Having spent a couple of months just focused on Sourdough, I though it would be nice to share my current favorite recipe, for Whole Wheat Sourdough.
1 cup Sourdough Starter
1 cup Purified Water
1 cup Whole Wheat Four
1/2 teaspoon Bread Machine Yeast
1 tablespoon Butter, melted
2 1/4 cups bread flour or High-Gluten Flour
1 tablespoon sugar
1 1/2 teaspoon salt
1 teaspoon Bread Machine Yeast
To make the Sponge, place all the ingredients in the Bread Machine pan, and program the machine for the Dough/Pasta cycle, this should be a 10 to 14 minute cycle. Let the machine run through, and then unplug the machine and let the Sponge sit for a minimum of 8 hours or as long as 12 for a more "sour" flavor.
For the Dough
Place the ingredients right on top of the sponge. Set the crust on medium, and then program the machine for French Bread or Basic mode, press start. Set a kitchen timer for 5 minutes. After the machine has run for 5 minutes check the dough ball, it should be smooth and a little shiny. If your starter was soupy you might need to add more flour, if your starter was lumpy you might ned to add more water 2 tablespoons at a time.
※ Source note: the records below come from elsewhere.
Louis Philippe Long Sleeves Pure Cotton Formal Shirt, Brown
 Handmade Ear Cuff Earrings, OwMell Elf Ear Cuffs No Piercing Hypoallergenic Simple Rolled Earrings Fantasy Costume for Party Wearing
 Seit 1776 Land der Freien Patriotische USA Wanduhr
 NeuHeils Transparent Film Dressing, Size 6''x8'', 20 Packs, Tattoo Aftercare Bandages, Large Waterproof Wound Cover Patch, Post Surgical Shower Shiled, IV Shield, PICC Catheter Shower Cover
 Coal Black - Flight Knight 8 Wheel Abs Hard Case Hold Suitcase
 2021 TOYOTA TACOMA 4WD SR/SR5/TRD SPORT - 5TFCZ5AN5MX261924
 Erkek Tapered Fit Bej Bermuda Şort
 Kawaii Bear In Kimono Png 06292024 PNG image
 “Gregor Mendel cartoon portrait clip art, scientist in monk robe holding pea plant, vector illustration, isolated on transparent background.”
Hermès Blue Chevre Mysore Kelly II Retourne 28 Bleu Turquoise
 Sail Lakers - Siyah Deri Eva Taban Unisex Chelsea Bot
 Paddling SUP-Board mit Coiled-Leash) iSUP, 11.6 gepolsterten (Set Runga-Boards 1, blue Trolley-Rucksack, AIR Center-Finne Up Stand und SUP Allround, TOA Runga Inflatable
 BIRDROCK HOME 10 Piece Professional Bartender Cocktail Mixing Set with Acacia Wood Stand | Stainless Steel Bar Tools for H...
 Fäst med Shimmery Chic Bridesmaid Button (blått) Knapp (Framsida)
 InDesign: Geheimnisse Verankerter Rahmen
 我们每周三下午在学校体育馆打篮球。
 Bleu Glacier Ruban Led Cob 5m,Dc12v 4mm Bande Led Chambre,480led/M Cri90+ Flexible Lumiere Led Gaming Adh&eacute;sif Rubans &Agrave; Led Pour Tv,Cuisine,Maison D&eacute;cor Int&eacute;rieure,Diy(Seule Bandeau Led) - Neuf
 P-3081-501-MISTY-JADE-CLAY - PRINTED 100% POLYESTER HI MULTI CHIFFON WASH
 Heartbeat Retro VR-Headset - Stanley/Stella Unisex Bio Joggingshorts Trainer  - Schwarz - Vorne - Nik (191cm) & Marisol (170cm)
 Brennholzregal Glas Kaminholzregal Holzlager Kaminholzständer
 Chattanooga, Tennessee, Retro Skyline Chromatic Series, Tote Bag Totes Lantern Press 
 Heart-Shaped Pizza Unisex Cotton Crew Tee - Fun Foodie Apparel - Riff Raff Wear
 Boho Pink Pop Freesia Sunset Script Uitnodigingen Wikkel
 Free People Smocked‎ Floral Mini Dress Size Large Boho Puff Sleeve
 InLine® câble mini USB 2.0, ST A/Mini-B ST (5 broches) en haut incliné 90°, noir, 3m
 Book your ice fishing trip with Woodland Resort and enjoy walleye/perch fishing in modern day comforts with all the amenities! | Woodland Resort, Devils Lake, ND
After the Baking cycle, immediately remove the bread from the machine and put the Loaf on a cooling rack, let the loaf cool to room temperature before slicing, as the crumb and the flavor will continue to develop as the loaf cools. (You will find that the flavor will continue to develop even after cool down as the loaf sits. (I actually like the flavor best the morning AFTER baking.)
A next Day Sourdough Starter
This is Suzanne Rosenblum's next day starter:
One 8-ounce sour cream (NOT imitation, lowfat or nonfat)
1/2 cup warm water
3 tablespoons organic Apple Cider Vinegar with MOTHER
1/8 teaspoon SAF, active dry or Bread Machine yeast
1 cup unbleached Bread Flour
Whisk the sour cream until smooth in a medium clay or plastic bowl, NOT METAL! add the water, vinegar and sprinkle with the yeast. Mix in the flour, start with 3/4th a cup and continue to add flour until the mixture is that of pancake batter.
Cover with a few layers of cheese cloth, ir a tea towel. Let stand at room temperature for at least 24 hour, or up to 5 days for a TRULY sour flavor. The mixture will start to bubble immediately, and will have a fresh, creamy smell that will gently sour. The longer it sits the more sour it will become. If you have not used the starter withing 6 days refrigerate it. It will need to be Fed Weekly by throwing out ot using half, and adding 1 cup flour, and 2/3 cup purified water.
Suzanne in her writings suggests making a new starter each time you make sourdough, as she likes the taste and flavor of fresh starter, but the starter can be refrigerated and fed for many years (I have heard of people having starter for 30+ years!), just feed your "farm" weekly.